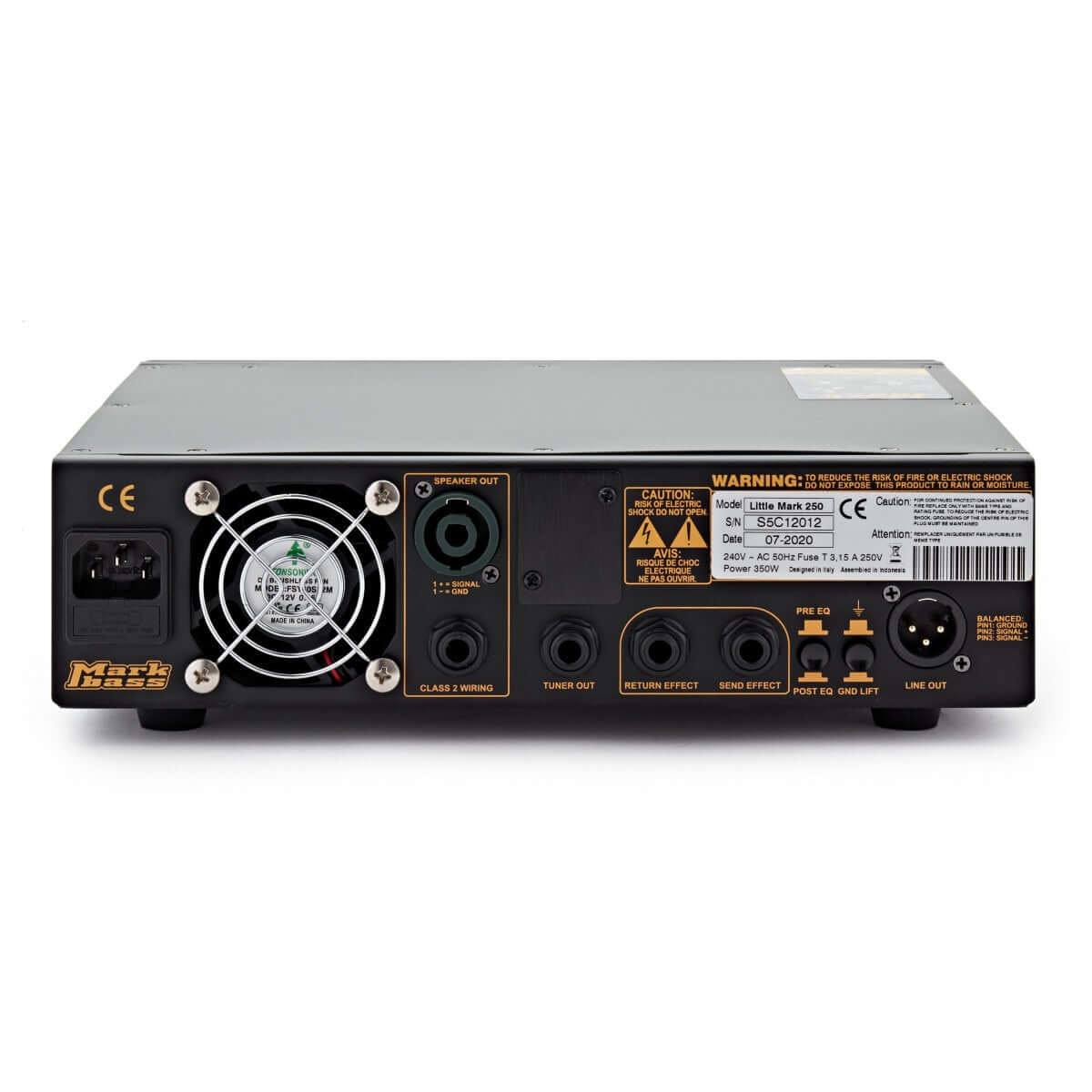 Back view of MarkBass Little Mark 250 Black Line Bass Amp Head showing input and output connections.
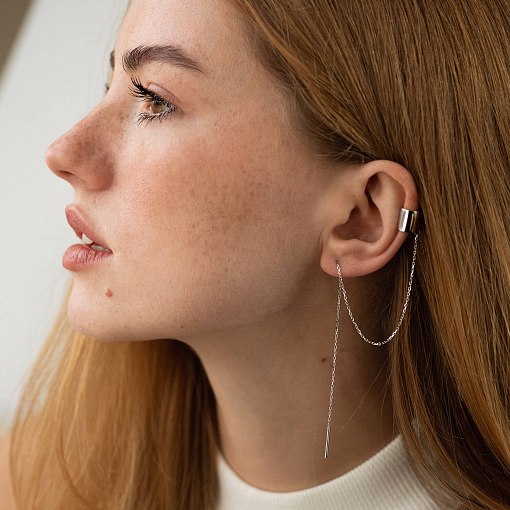 Серьга - каффа с цепочкой (белое золото) с08730 3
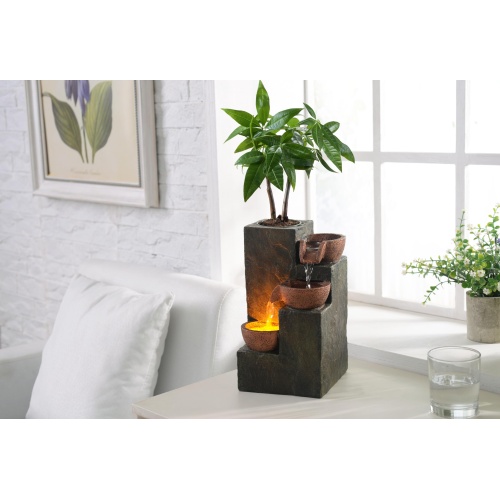 MSEONWXI Indoor Fountain Waterfall Tabletop for Home Decor Three Bowls Rock 3 Tier Fountain Relaxing and Sound Plant by Yourself(23061) - Image 2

About this task: The expected output is the material above, repeated exactly and free of pictures.

Exercise solution:
 Back view of MarkBass Little Mark 250 Black Line Bass Amp Head showing input and output connections.
 Серьга - каффа с цепочкой (белое золото) с08730 3
 MSEONWXI Indoor Fountain Waterfall Tabletop for Home Decor Three Bowls Rock 3 Tier Fountain Relaxing and Sound Plant by Yourself(23061) - Image 2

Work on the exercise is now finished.